### PROMPT
Only an exact repetition is needed: the lines from the start of the listing below through the line that contains "SPIDER-MAN BY MICHELINIE", pictures omitted.
****
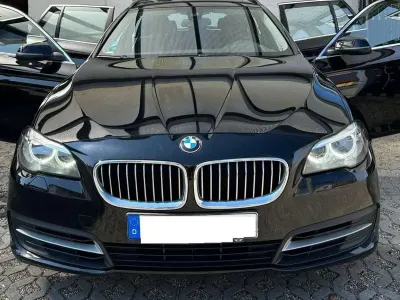 Gebraucht BMW 520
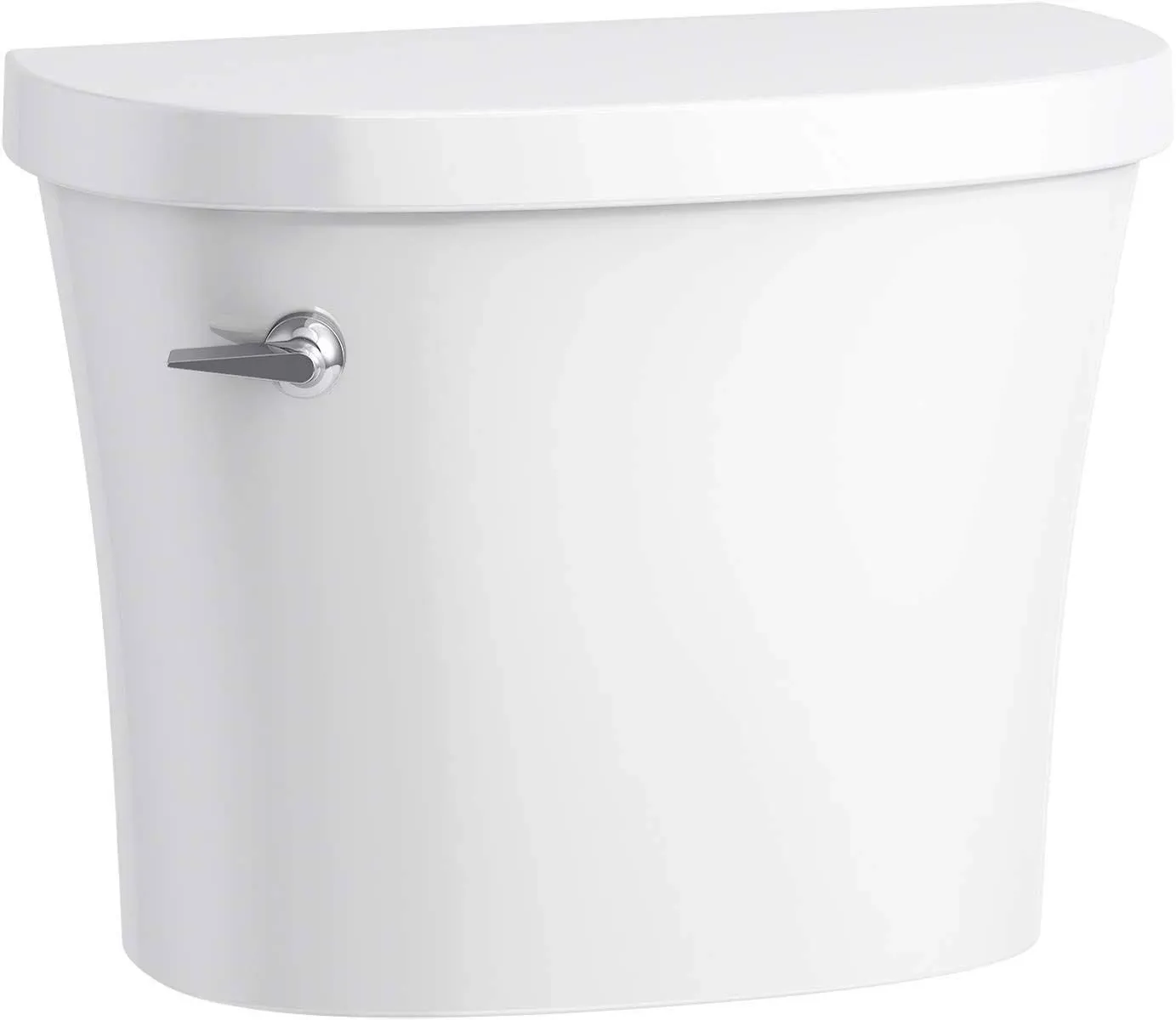 Kohler K-25100-0 Kingston 1.28 GPF Toilet Tank - White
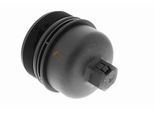 VAICO Deckel, Ölfiltergehäuse v220348 für Citroën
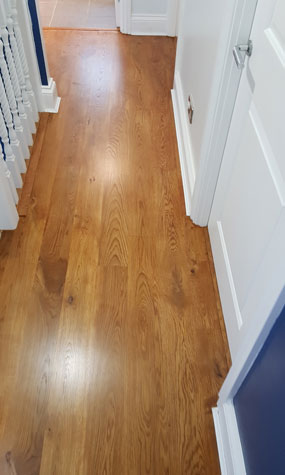 Wood Floor Gap Filling Plymouth Devon | Wood Floor Gap Repairs | Wood Flooring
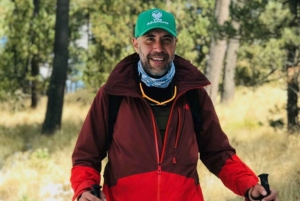 La Malinche Volcano: Hike to the Top and Explore Tlaxcala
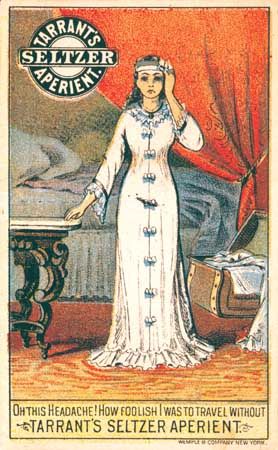 Tarrant's Seltzer Aperient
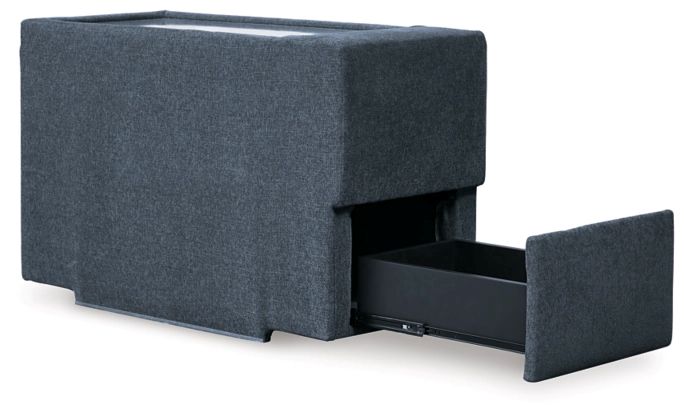 【ASHLEY】　Modmax Console with Storage ［size:W43 D94 H58cm］　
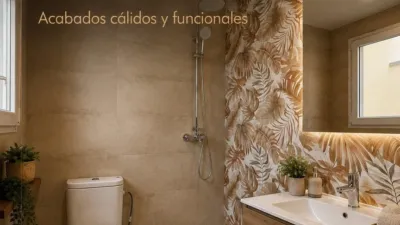 Duplex Penthouse in Castellar-Oliveral photo 42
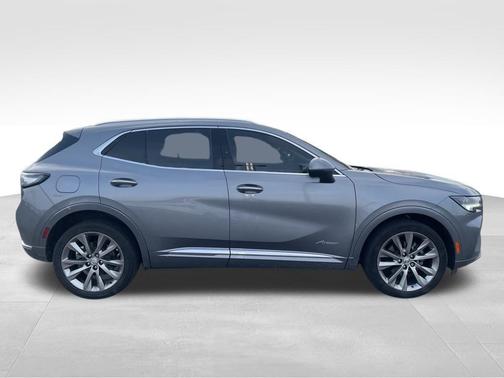2022 Buick Envision Avenir
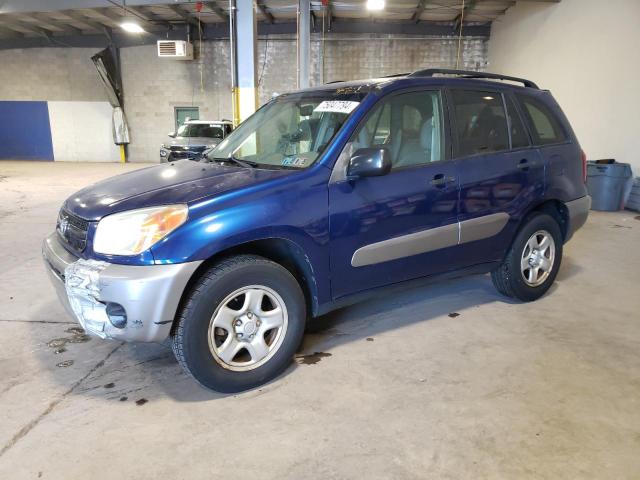 TOYOTA RAV4 2005 jtegd20v850066387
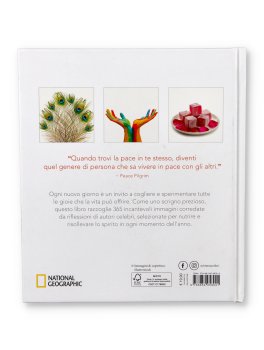 365 Giorni di Immagini e Pensieri per Celebrare la Vita — Libro - 5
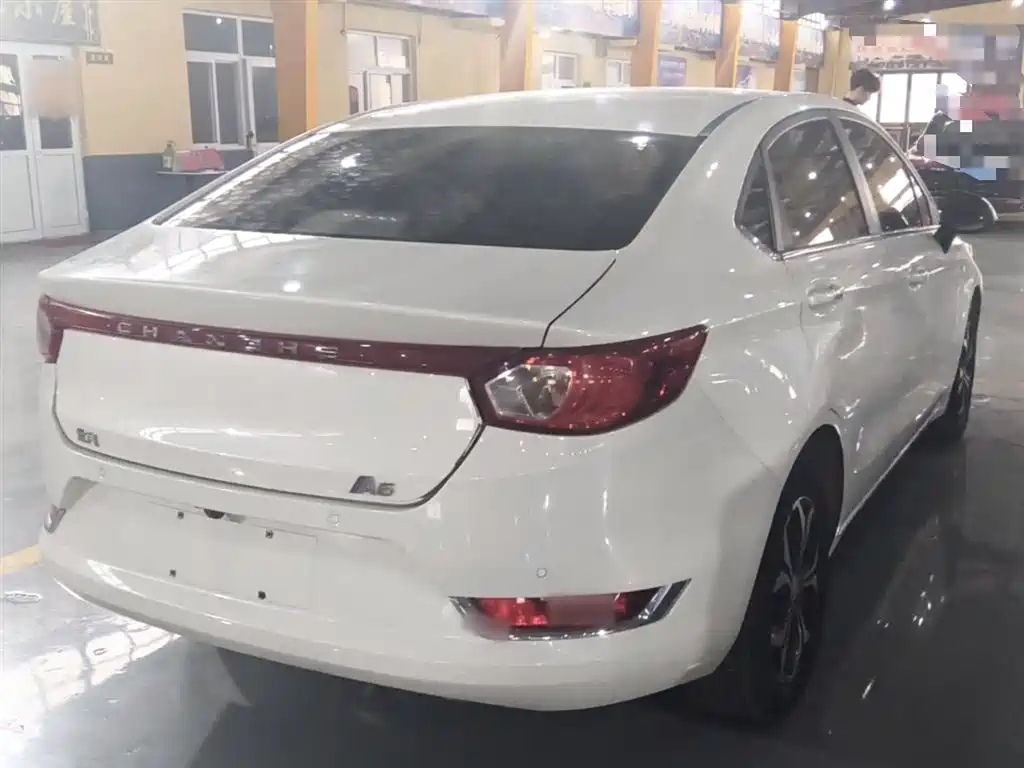 BAIC Changhe A6 北汽昌河A6 2018款 1.5 L 手动豪华版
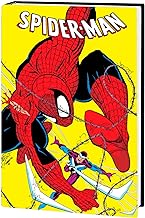 SPIDER-MAN BY MICHELINIE & LARSEN OMNIBUS [NEW PRINTING]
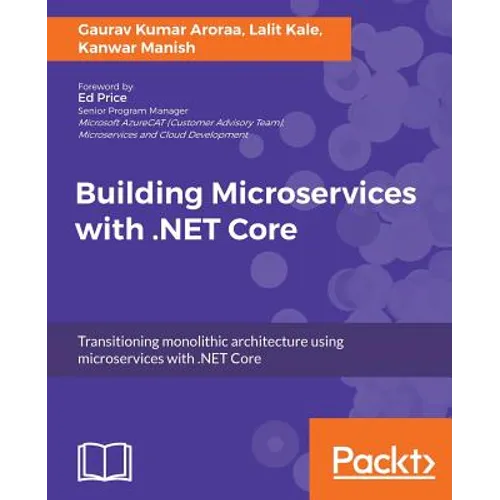 Building Microservices with .NET Core - Paperback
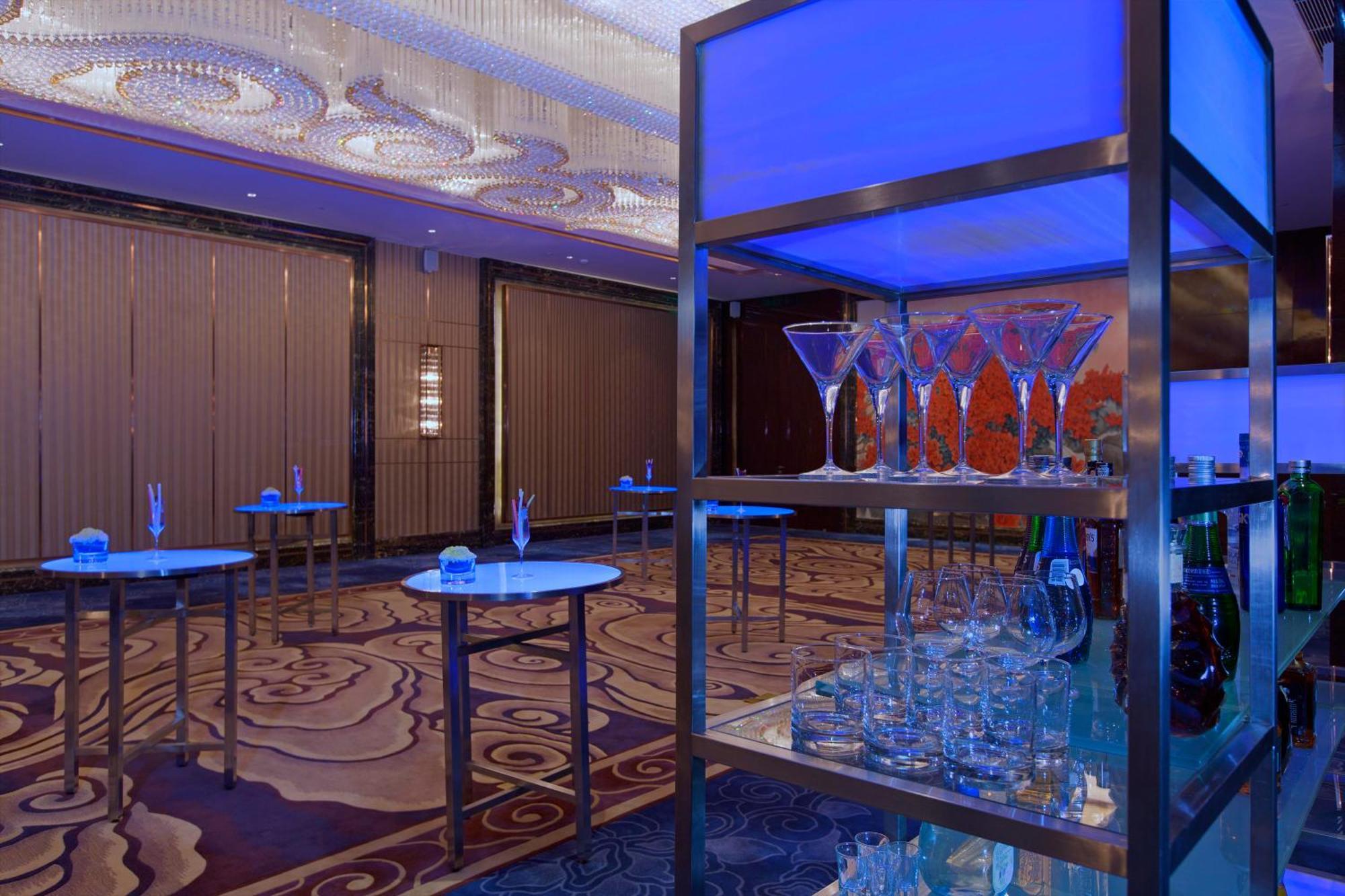 Wanda Vista Changsha Esterno foto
****
### SOLUTION
 Gebraucht BMW 520
 Kohler K-25100-0 Kingston 1.28 GPF Toilet Tank - White
 VAICO Deckel, Ölfiltergehäuse v220348 für Citroën
 Wood Floor Gap Filling Plymouth Devon | Wood Floor Gap Repairs | Wood Flooring
 La Malinche Volcano: Hike to the Top and Explore Tlaxcala
 Tarrant's Seltzer Aperient
 【ASHLEY】　Modmax Console with Storage ［size:W43 D94 H58cm］　
 Duplex Penthouse in Castellar-Oliveral photo 42
2022 Buick Envision Avenir
 TOYOTA RAV4 2005 jtegd20v850066387
 365 Giorni di Immagini e Pensieri per Celebrare la Vita — Libro - 5
 BAIC Changhe A6 北汽昌河A6 2018款 1.5 L 手动豪华版
 SPIDER-MAN BY MICHELINIE & LARSEN OMNIBUS [NEW PRINTING]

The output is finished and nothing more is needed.